Biologie. - Zoologen kennen weltweit 4700 Libellenarten, alleine in Mitteleuropa etwa 85. Ein weißer Fleck im Leben der Libellen ist für die Wissenschaftler aber die Zeit nach der Geburt und vor der Paarung. Italienischen Forschern und einem deutschen Kollegen ist es nun gelungen, Licht in das Dunkel der Geschlechtsreife von Libellen zu bringen.

Von Thomas Migge |
    Kurz nach ihrer Geburt verlassen Libellen ihren Schlüpfort, und das mit bis zu 85 Kilometern pro Stunde. Erst zwei Monate später tauchen sie dort wieder auf. Beobachtet haben dies Sönke Hardersen und seine Kollegen des "Italienischen Nationalzentrums für das Studium und die Bewahrung der Biodiversität". Sie verfolgten die Libellen im Wald "Bosco della Fontana", nicht weit von der Stadt Mantua entfernt. Dafür nutzten sie nicht die herkömmlichen Methoden der Telemetrie. Dafür waren die Tiere zu winzig. Stattdessen benutzten die Forscher ein Verfahren, bei dem die Libellen von Radarstrahlen erfasst werden, berichtet Sönke Hardersen:

    "Das Gute an dieser Technik ist, dass die kleine Antenne an die Libelle angeklebt wird und keine eigene Batterie haben muss, sondern das Signal wird nur reflektiert, wird also von der Antenne und der Diode aufgenommen und dann wird die Frequenz verdoppelt und wieder zurückgestrahlt"

    Die Libellenforscher empfangen das von der Diode zurückgeschickte Signal über ein tragbares Radargerät mit Antenne. Das Ding ist nur zwei Kilogramm schwer und hat einen Kopfhörer. Damit wird der Radarstrahl in Akustik umgewandelt. Auf einer Landkarte wird dann der Standort der auf diese Weise aufgespürten Libelle eingetragen.
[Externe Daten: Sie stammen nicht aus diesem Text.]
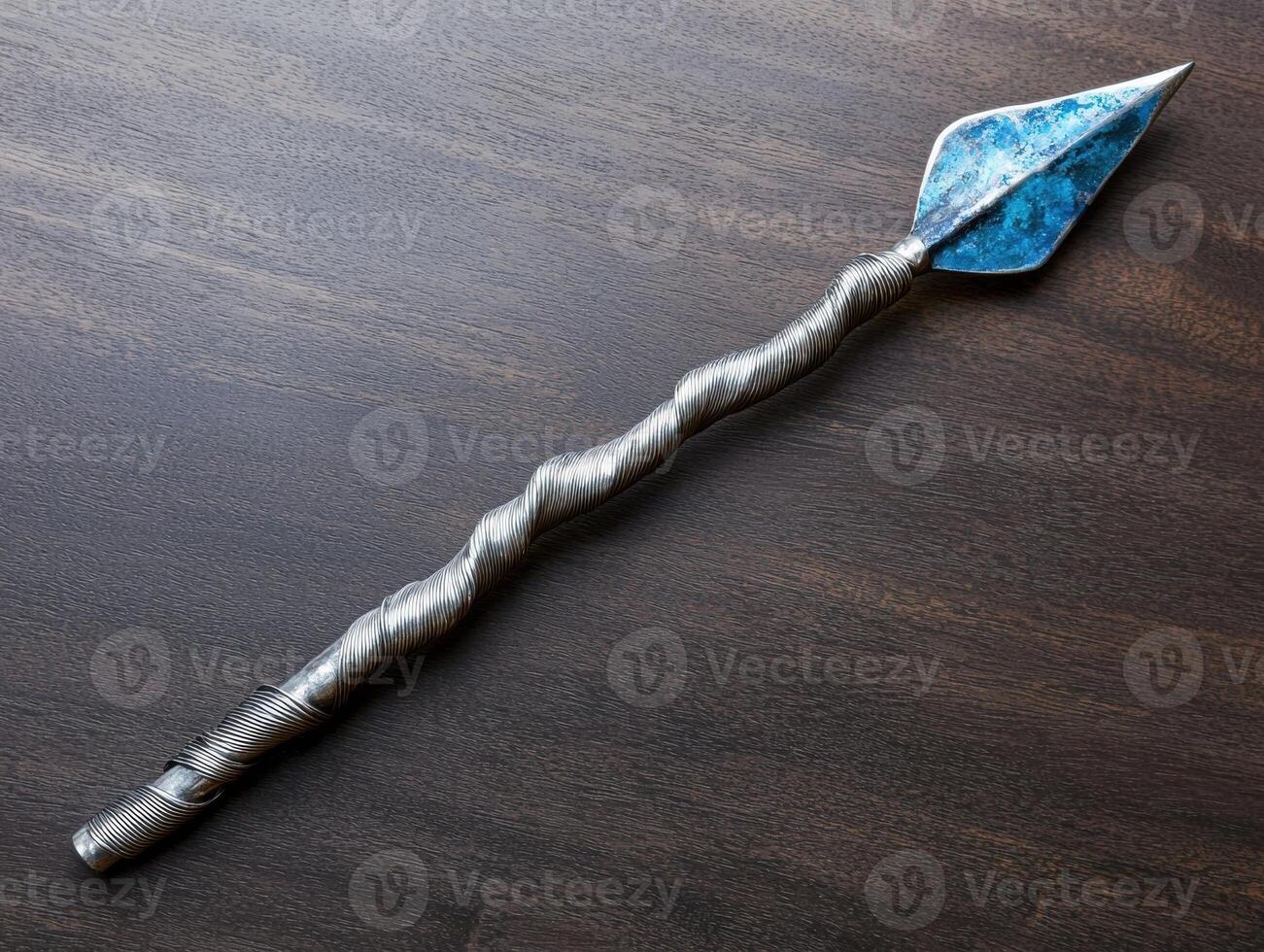 Unique metal tool on dark wooden surface photo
So weiß der Forscher, in welche Richtung sich seine Libelle bewegt und wo sie sich gerade aufhält. Doch wie kommt eine Libelle zu einer Antenne? So einem Insekt kann nicht einfach ein Antennenhalsband umgebunden werden, wie das bei größeren Tieren der Fall ist. Zwei Stunden nach dem Schlüpfen der Libelle wird die Diode plus Antenne auf dem hart werdenden Chininpanzer geklebt. Diode und Antenne wiegen nur rund ein Achtel des Körpergewichts der Libelle. So stören sie nicht bei den Flugkünsten der Tiere. Die Antennen aus haardickem Kupferdraht hat eine Spannweite von acht Zentimeter und sieht ein wenig aus wie Zimmerantennen fürs Fernsehen. Hardersen und seine Kollegen hätten auch nur die runde Diode mit einem Durchmesser von zirka einem Millimeter aufkleben können, aber die zusätzlichen Antennen geben den Forschern eine größere Reichweite, um die jeweiligen Signale zu empfangen. Sönke Hardersen:

    "Wir haben mit zwei Arten gearbeitet: die eine heißt der Spitzenfleck, auf Latein Libella fulva. Da hat sich gezeigt, dass die Tiere innerhalb von fünf Tagen nur 200 Meter weit geflogen sind vom Schlüpfort. Die sind sehr standorttreu geblieben. Im Gegensatz dazu die Herbstlibelle, die hat sich sofort vom Schlüpfort entfernt und da kamen wir mit unserem Gerät nicht hinterher."

    Wo halten sich also die geschlüpften Libellen auf, bevor sie nach zwei Monaten wieder an ihren Ursprungsort zurückkehren? Hardersen und seine Kollegen fanden heraus, dass die flügge gewordenen Insekten vor allem auf Bäumen sitzen. In einer Höhe zwischen zwei und 30 Metern und für den Menschen so gut wie unauffindbar. Das kann aber der Forscher dank seiner Radaranlage und mit einer Dreiecksberechnung:

    "Wenn die Libelle fest sitzt oder sich nur wenig bewegt, kann ich natürlich den Standort ändern und über eine Triangulation an zwei Punkten die Libelle ansteuern und dann weiß ich, da wo die beiden Geraden sich schneiden, das sitzt die Libelle und damit kann ich auch die Höhe bestimmen"

    Das wichtigste Resultat der Forschungen in Norditalien besteht darin, dass sie die große Bedeutung von Wäldern in der Nähe der Schlüpforte der Libella fulva definitiv nachweisen konnten. Will man diese gesetzlich geschützte Insektenart dauerhaft erhalten, so das Fazit der Forscher, dann dürfen diese Wälder nicht abgeholzt werden. Ein für die Experten überraschendes Forschungsergebnis ist die Flugtätigkeit der im Volksmund Spitzenfleck genannte Libella fulva: sie fliegt nicht weit. Im Gegenteil. Die fünf Tage lang erforschten Libellen flogen nicht mehr als 25 Meter nach oben und unten, nach rechts und links und das nur im Bereich einiger wenigen Bäume. Erstaunlich wenig Flugaktivitäten für Insekten, die von der Geschwindigkeit her in wenigen Sekunden weit über 50 Meter fliegen könnten.